In his welcome speech, NSU teacher professor Helal Mohammad Mohiuddin briefed about CPS. Associate professor Bulbul Siddiqi and assistant professor Ishrat Zakia Sultana of NSU–also authors of the book–gave a glimpse of the publication.
Migration and refugee expert professor CR Abrar said the existing Rohingya crisis remained unsolved for last five years.
That’s why the persecuted people are losing global empathy, he said adding the permanent members of the UN Security Council are responsible to maintain global peace.
CR Abrar, also the executive director at Refugee and Migratory Movements Research Unit (RAMMRU), said they gave priority to their economic gain as well as strategic interests over the Rohingya crisis and they showed they were driven by narrow group interests.
“Bangladesh must ensure her national security. A security threat will be created for Bangladesh as well as the regional and international arena if the Rohingya people are not allowed to develop as human being. We have to think about new approach to solve the crisis,” he added.
North University vice-chancellor professor Atiqul Islam said, “In the present days, human values are being demeaned all over the world by narrow group interests. We can see the proof in Myanmar, Afghanistan and Syria. The powerful countries do not bother about the future of Afghan and Rohingya children. It cannot go on like this forever.”
Former foreign ministry secretary Md Shahidul Haque, a fellow of South Asian Institute of Policy and Governance under NSU, said, there is no way to deny that the existing Afghanistan situation and the stakes at Indo-Pacific geopolitics are shedding the Rohingya issue off. It will result in fewer allocations of emergency fund as well as blurring global attention. Hence, a fresh approach to resolve the crisis is a necessity. Civil society should take initiative in this regard.
Prothom Alo editor Matiur Rahman said, “The Rohingya crisis intensified since the 2017 influx. This has become a great concern for the society, economy and state affairs of Bangladesh. Moreover, we cannot see any quick solution of the crisis. We doubt about how the issue could attract global attention during the ongoing Afghan crisis.”

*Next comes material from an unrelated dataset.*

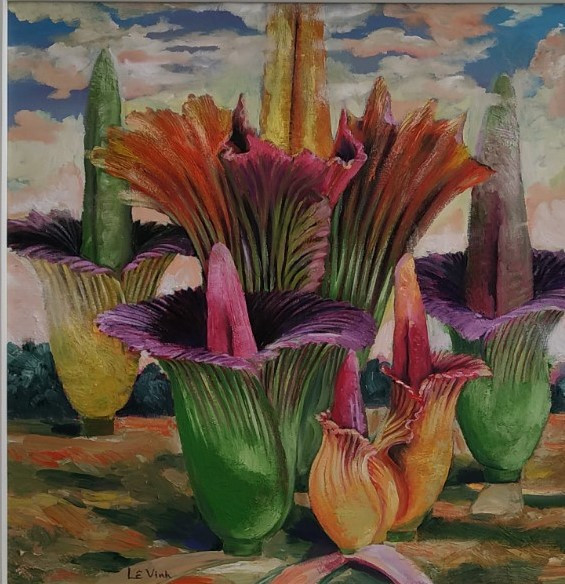 Một trong ba loài quốc hoa của Indonesia, tác giả Lê Vinh. (Ảnh Minh Thu/Vietnam+)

Appraising the research initiative by NSU, Matiur Rahman said, “The country is now seeing fewer research works. On the other hand, various issues of Bangladesh are being researched and getting published in abroad. But we encourage field research and publication of the findings — in Bangla and English languages — in Bangladesh.”
NSU’s senior lecturer Tata Zafar moderated the virtual event also addressed by Prothoma Prokashon coordinator Arun Bosu and Prothom Alo diplomatic correspondent Raheed Ejaz.